Would you transcribe the line that holds "Junior backpack for" and all the lines below it, through the final one, exactly and with nothing else?

== Input data

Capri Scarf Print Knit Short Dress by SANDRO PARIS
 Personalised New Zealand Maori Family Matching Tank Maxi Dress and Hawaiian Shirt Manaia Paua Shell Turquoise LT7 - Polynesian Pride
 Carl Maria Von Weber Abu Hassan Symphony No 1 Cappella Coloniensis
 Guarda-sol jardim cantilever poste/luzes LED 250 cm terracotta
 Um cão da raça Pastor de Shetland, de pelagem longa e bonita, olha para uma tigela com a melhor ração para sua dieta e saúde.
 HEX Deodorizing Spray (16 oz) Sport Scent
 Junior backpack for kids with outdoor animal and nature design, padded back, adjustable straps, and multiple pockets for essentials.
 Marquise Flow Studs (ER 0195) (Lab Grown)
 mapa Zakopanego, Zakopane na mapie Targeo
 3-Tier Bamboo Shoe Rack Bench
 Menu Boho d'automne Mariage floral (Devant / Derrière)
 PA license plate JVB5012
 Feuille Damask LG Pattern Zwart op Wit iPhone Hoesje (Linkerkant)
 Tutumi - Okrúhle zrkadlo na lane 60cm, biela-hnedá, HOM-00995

====

◆ Response to this exercise:
 Junior backpack for kids with outdoor animal and nature design, padded back, adjustable straps, and multiple pockets for essentials.
 Marquise Flow Studs (ER 0195) (Lab Grown)
 mapa Zakopanego, Zakopane na mapie Targeo
 3-Tier Bamboo Shoe Rack Bench
 Menu Boho d'automne Mariage floral (Devant / Derrière)
 PA license plate JVB5012
 Feuille Damask LG Pattern Zwart op Wit iPhone Hoesje (Linkerkant)
 Tutumi - Okrúhle zrkadlo na lane 60cm, biela-hnedá, HOM-00995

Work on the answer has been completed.